#### [INPUT DATA]
—————

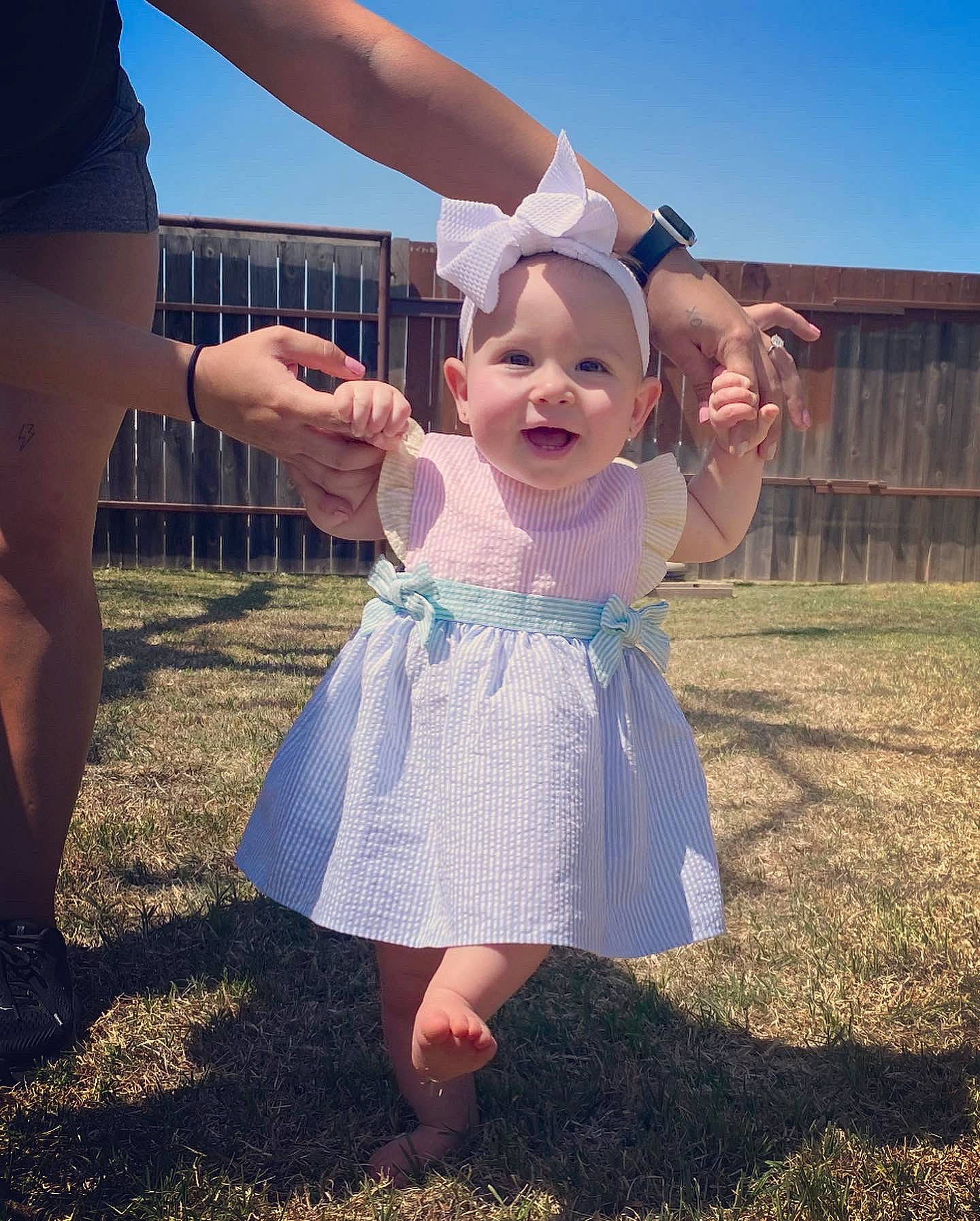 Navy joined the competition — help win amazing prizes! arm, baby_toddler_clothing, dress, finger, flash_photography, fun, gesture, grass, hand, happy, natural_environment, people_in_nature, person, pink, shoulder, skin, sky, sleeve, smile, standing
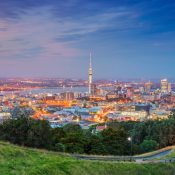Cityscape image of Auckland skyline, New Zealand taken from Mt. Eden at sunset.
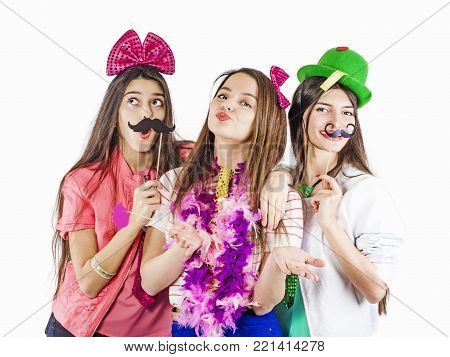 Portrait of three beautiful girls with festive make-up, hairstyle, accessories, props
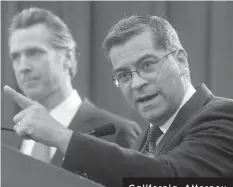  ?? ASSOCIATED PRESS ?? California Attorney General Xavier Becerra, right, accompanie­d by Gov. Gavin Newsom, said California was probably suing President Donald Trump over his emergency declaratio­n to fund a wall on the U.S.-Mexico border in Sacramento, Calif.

—————

Copy the whole listing exactly, excluding the pictures in it.

#### [TASK RESPONSE]
 Navy joined the competition — help win amazing prizes! arm, baby_toddler_clothing, dress, finger, flash_photography, fun, gesture, grass, hand, happy, natural_environment, people_in_nature, person, pink, shoulder, skin, sky, sleeve, smile, standing
Cityscape image of Auckland skyline, New Zealand taken from Mt. Eden at sunset.
 Portrait of three beautiful girls with festive make-up, hairstyle, accessories, props
  ?? ASSOCIATED PRESS ?? California Attorney General Xavier Becerra, right, accompanie­d by Gov. Gavin Newsom, said California was probably suing President Donald Trump over his emergency declaratio­n to fund a wall on the U.S.-Mexico border in Sacramento, Calif.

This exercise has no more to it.